Oysa herhangi bir işi yapan, çalışan her insanın temelde, hiçbir kısıt olmaksızın, yaptığı iş aracılığıyla aynı zamanda kendisi de işin içinde olmak üzere, insan haklarını koruduğu, koruması gerektiği dikkate alınırsa, etik ve insan hakları bilgisinin, söz konusu eğitimlerde ne denli önemli olduğu anlaşılabilir. Öyleyse, eğitim çalışmalarında alan bilgisi, meslek bilgisi ve bunlara bağlı olarak mesleki yeterlilikler gerekli koşulu oluştururken, etik ve insan hakları bilgisi ve bu temele dayalı hukuk bilgisi yeterli koşulu oluşturacaktır. 

Kendisiyle, başka insanlarla, toplumla, kurumlarla, doğayla, çevreyle olan bağını çoğun “inanışlar”, “alışkanlıklar”, “değer yargıları”, kalıp düşünceler” üzerinden kuran, sürekli olarak “bana bir şey olmaz, bize bir şey olmaz” önyargısından hareket eden çalışan ve/veya çalıştıranlar her geçen gün bedeli ağırlaşan durumlarla karşılaşmakta, sıkıntılar her geçen gün artmaktadır. 

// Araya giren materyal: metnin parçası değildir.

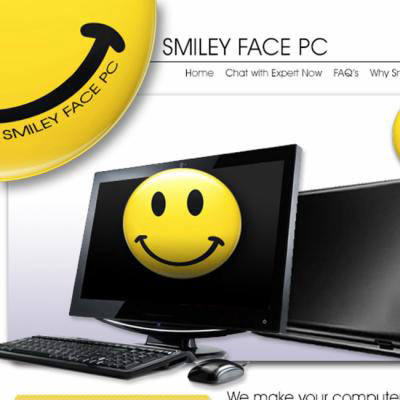 Smiley Face PC Website Launched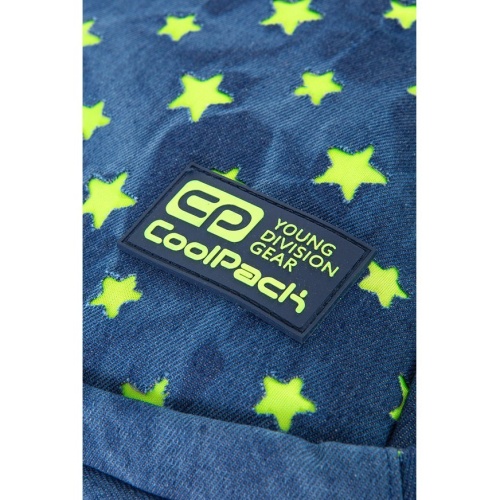 Kuprinė CoolPack Dart Yellow Stars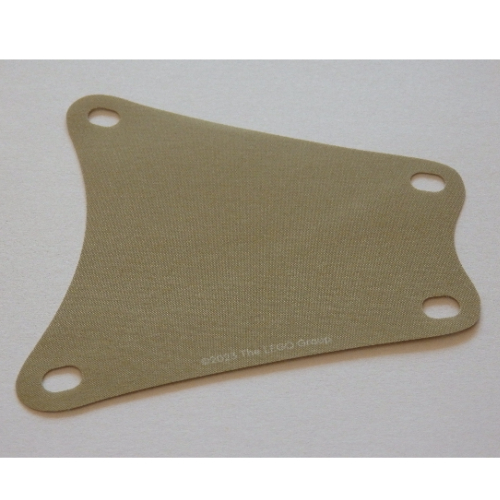 Visuel indicatif Rebrickable de Voile, 11 x 13, avec 4 trous (Sail, 11 x 13, with 4 Holes)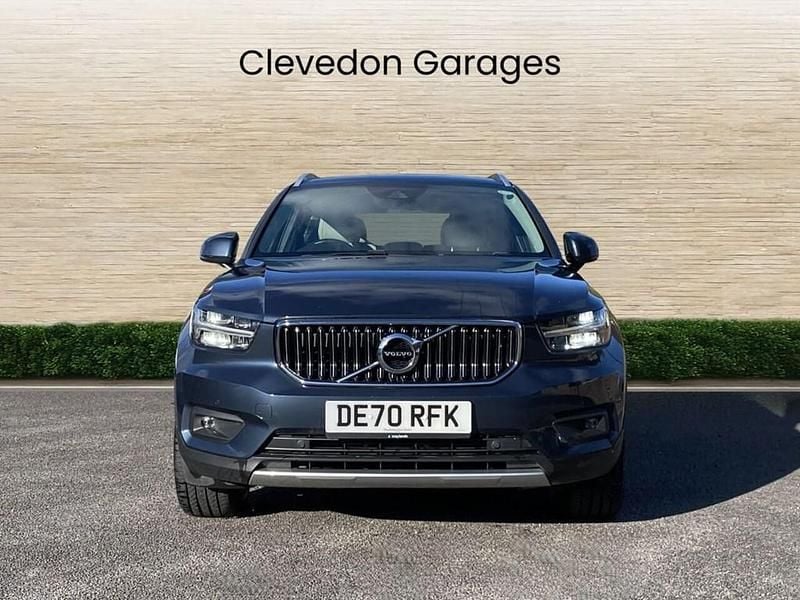 Used Volvo XC40 Inscription 163 HP (119 kW) 2020 Blue SUV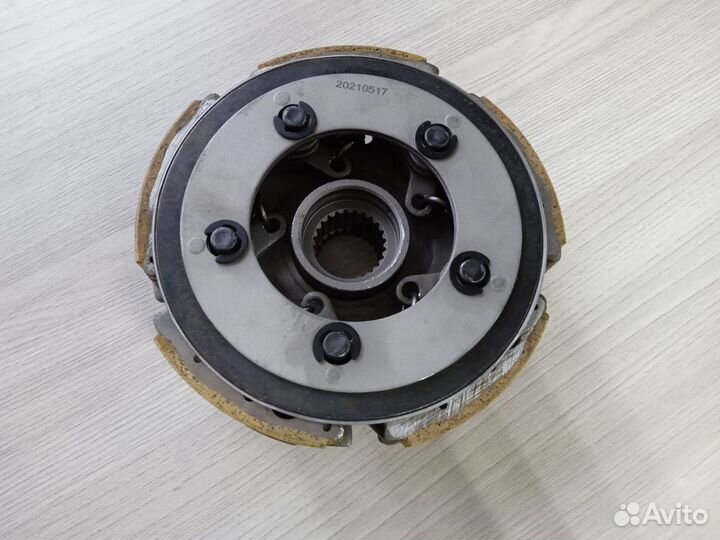 Сцепление центробежное в сборе HL CF 500A,X5.X6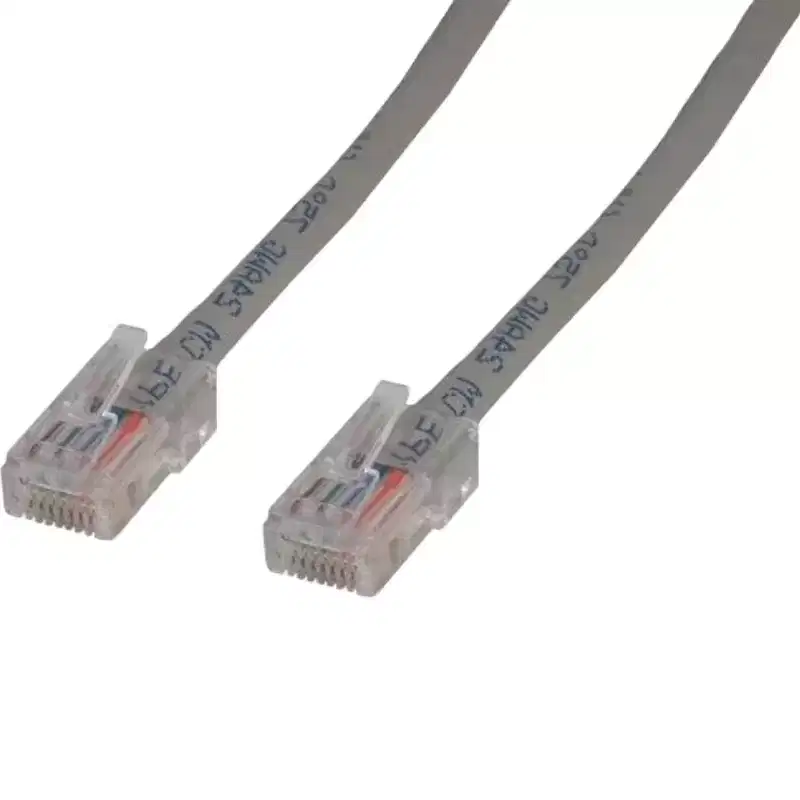 SANOXY Cables and Adapters; 50ft Cat5e 350 MHz UTP Assembled Ethernet Network Patch Cable, Gray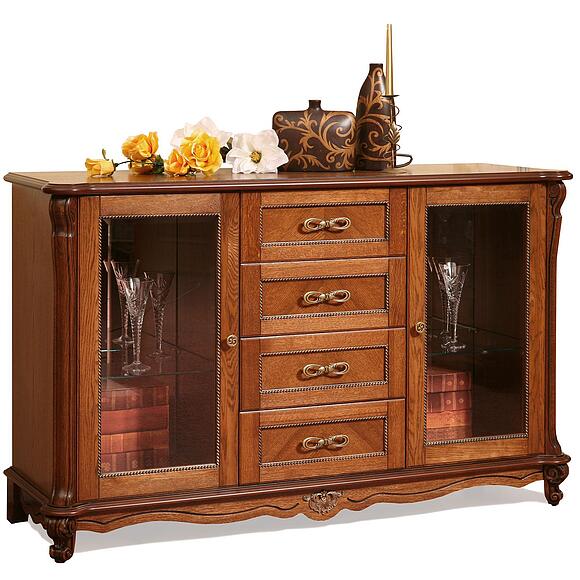 Тумба «Алези» П1.350.0.01 (П350.01), Материал: массив дуба, Цвет: Античная бронза (tumba_alezi_3z_p350_01_antichnaya_bronza.jpg) Тумба «Алези» П1.350.0.01 (П350.01)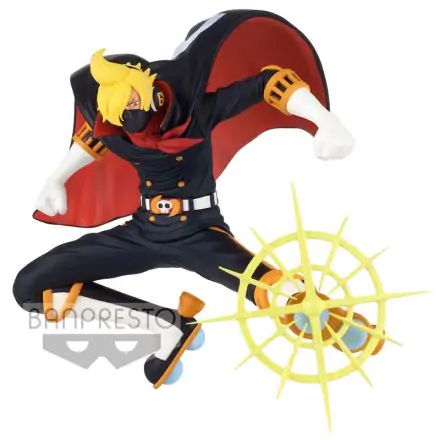 One Piece Battle Record Collection PVC Statue Sanji (Osoba Mask) 13 cm product photo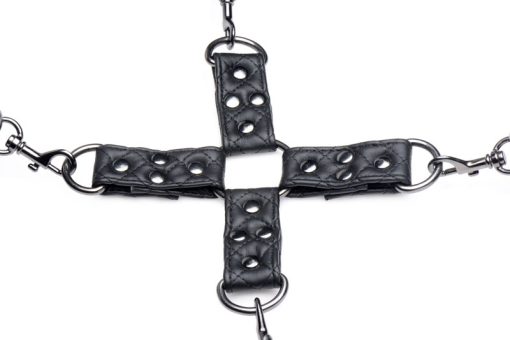 Concede Wrist and Ankle Restraint Set With Bonus Hog-Tie Adaptor - Image 8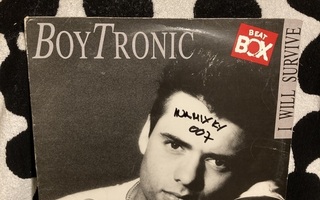 Boytronic – I Will Survive 12"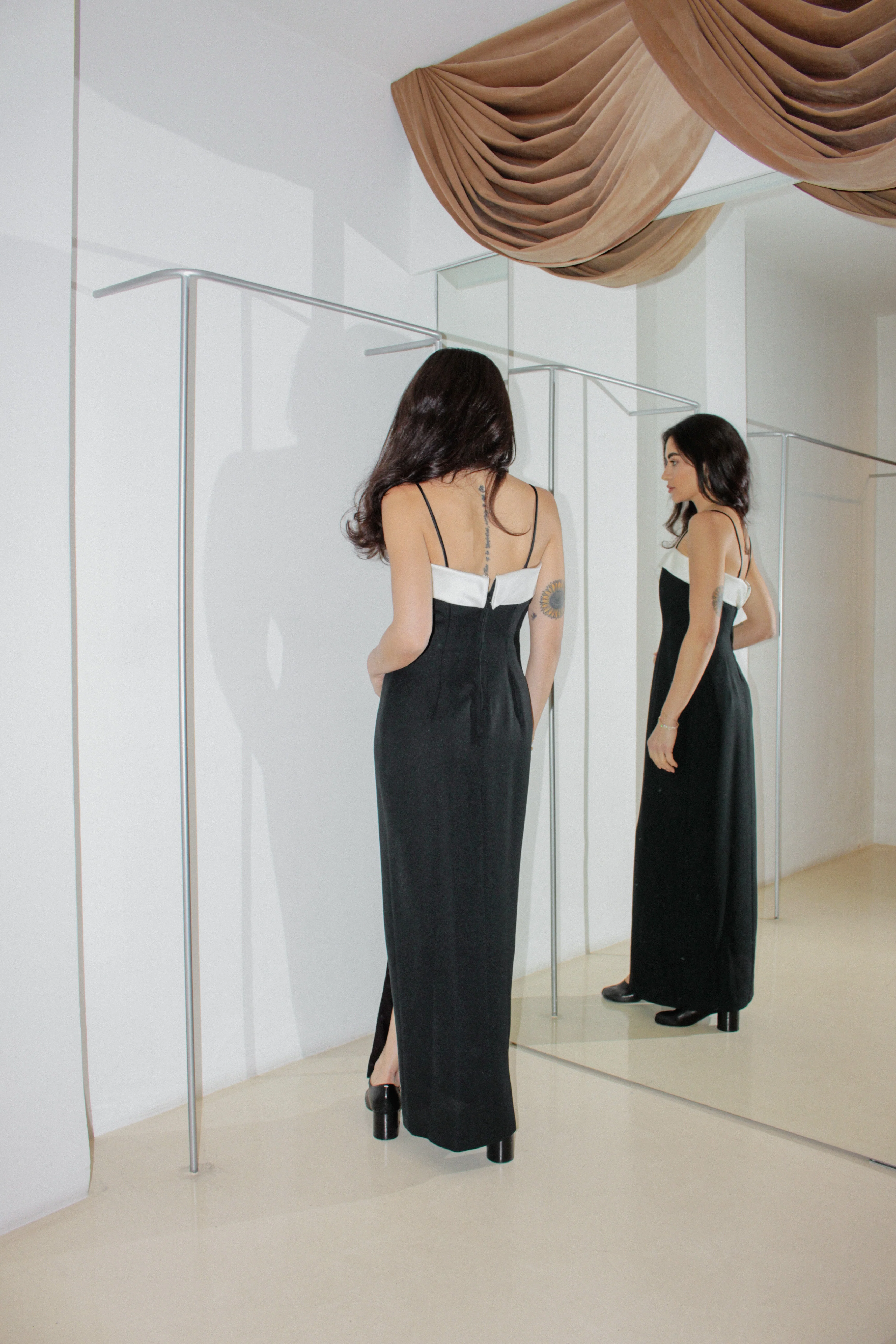 Vintage Evening Dress - Image 4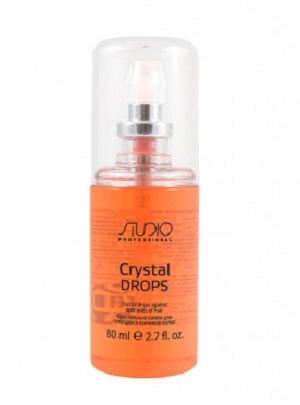 kristalnye kapli dlya volos quotcrystal dropsquot 80 ml studio professional rossiya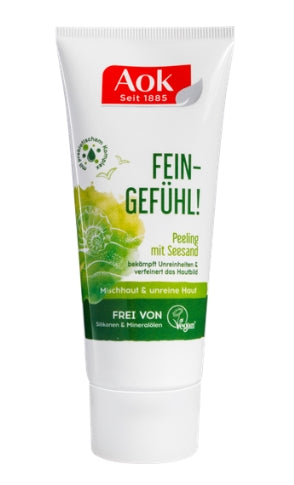 AOK - Aok, Sanftes Peeling mit Weißtee-Extrakt, 100 ml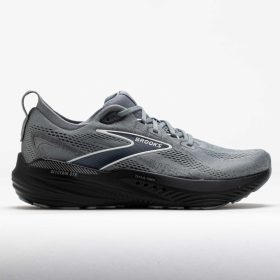 Brooks Glycerin GTS 22 Men's Running Shoes Primer Grey/Ebony/Bluewash Size 10 Width D - Medium
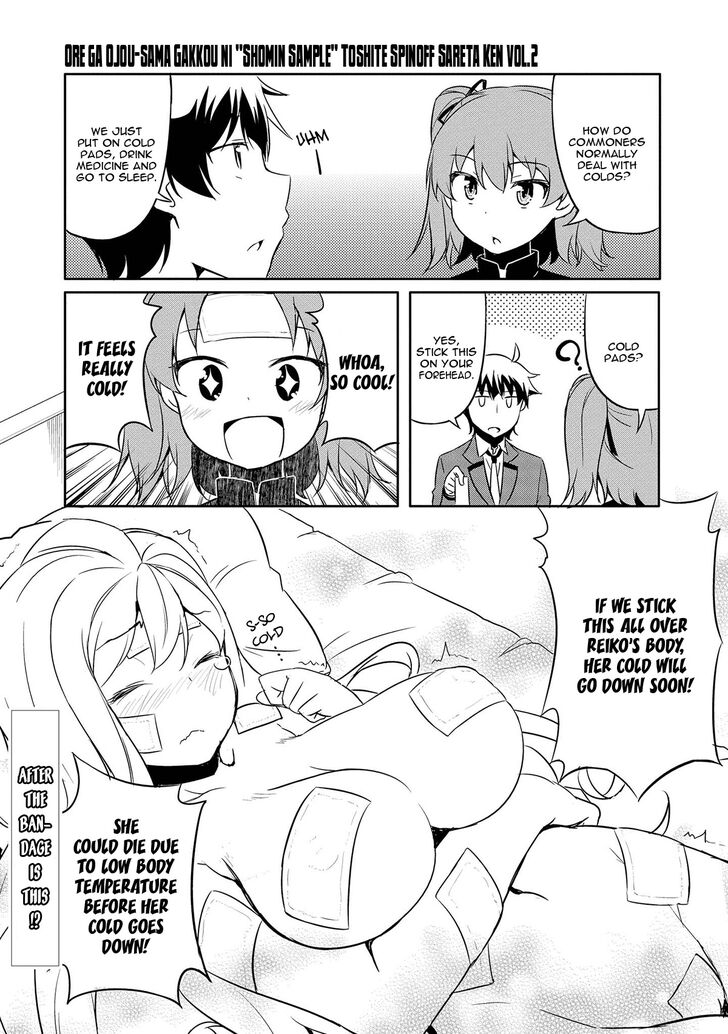 Ore Ga Ojou-sama Gakkou Ni "Shomin Sample" Toshite Spin Off Sareta Ken Chapter 8 page 11 - Chapter 8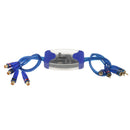 4 Channel RCA Ground Loop Isolator with Line Noise Eliminator Remover Filter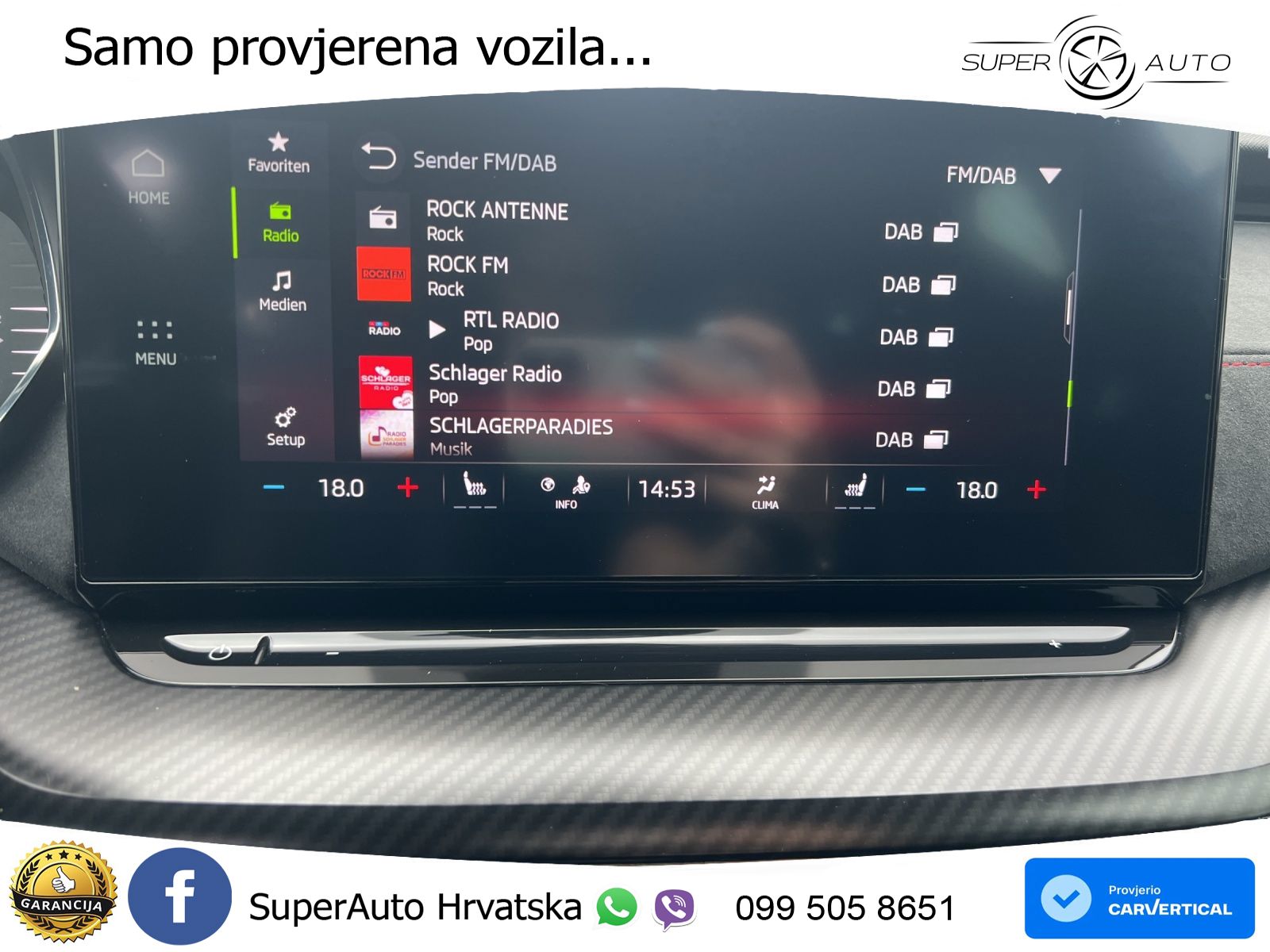 Škoda Octavia Combi RS 2.0 TDI (200 KS) DSG LED+GR SJED+ACC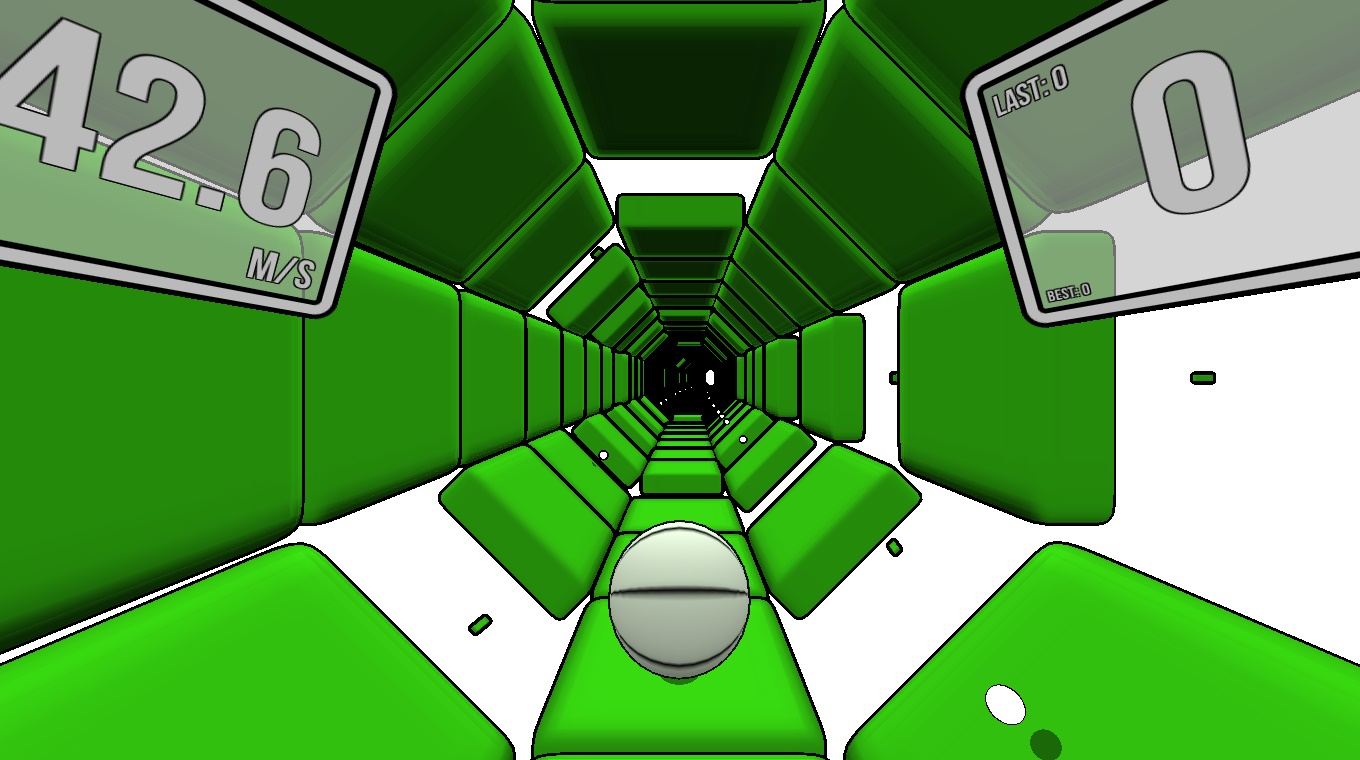 Play Slope Tunnel online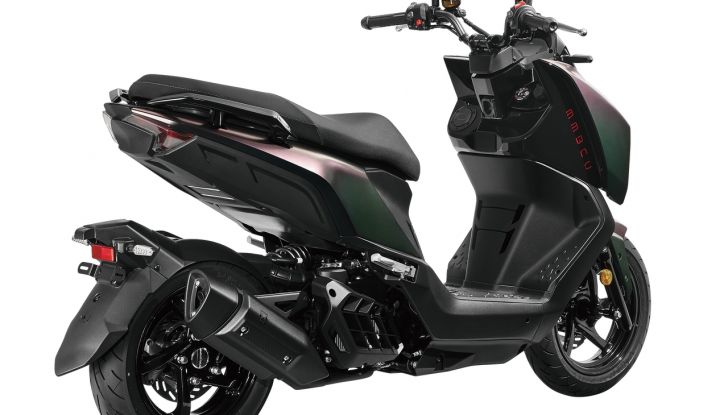 SYM Mamba 160: caratteristiche, design, motore e dotazioni - Foto 119 di 136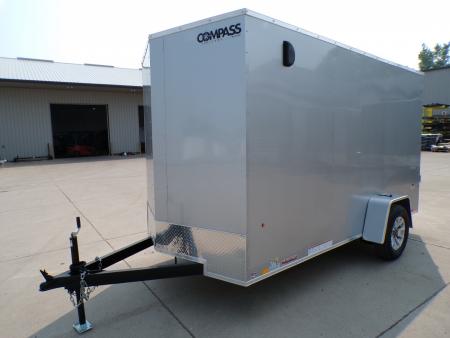 New 2026 Compass Indigo DLX 6 x 12 Cargo / Enclosed Trailer - 221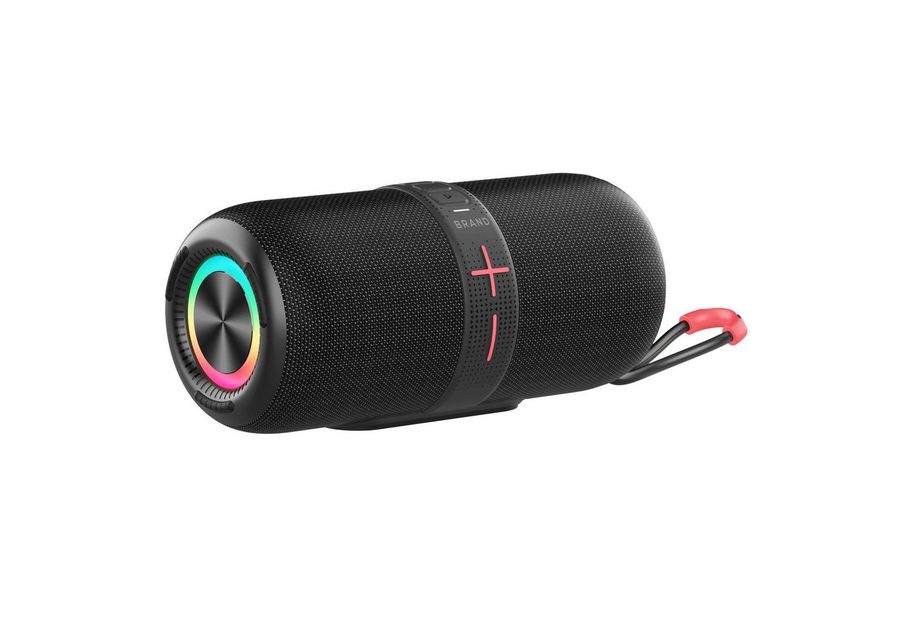 Forrlite Lautsprecher, Bluetooth-Lautsprecher Bluetooth-Lautsprecher (40 W, Bluetooth, Kabellos, IPX5 wasser- und staubdicht, RGB-Modus) von Forrlite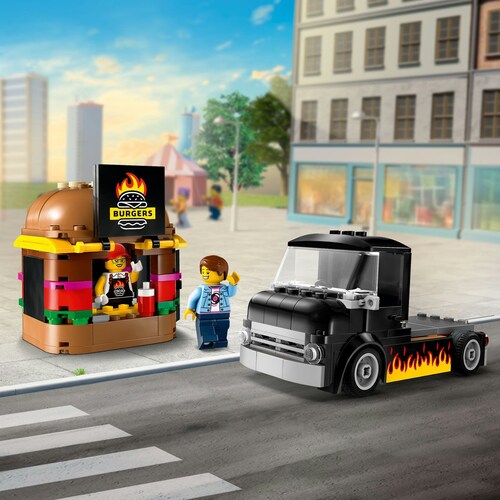 Lego Camión Hamburguesería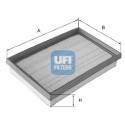 Filtre à air UFI 30.558.00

Çalışanın, çalıştıranın, gözlemleyenin, denetleyenin gözden kaçırmaması gereken nokta, önlemlerin her zaman bilgiye dayalı olarak alınması, “bana, bize bir şey olmaz” önyargısından vazgeçilmesi, “iş sağlığı ve güvenliği” deyişi yerine, “işçi sağlığı ve güvenliği” deyişinin geçirilmesi, konuya ilişkin eğitimlerde etik ve insan hakları boyutuyla, hukuk bilgisi boyutunun hiçbir şekilde ihmal edilmemesi; özellikle devletin bilgiye, hukuk bilgisi, etik ve insanları bilgisine dayalı düzenleyici, denetleyici rolünü hiçbir zaman unutmamasıdır.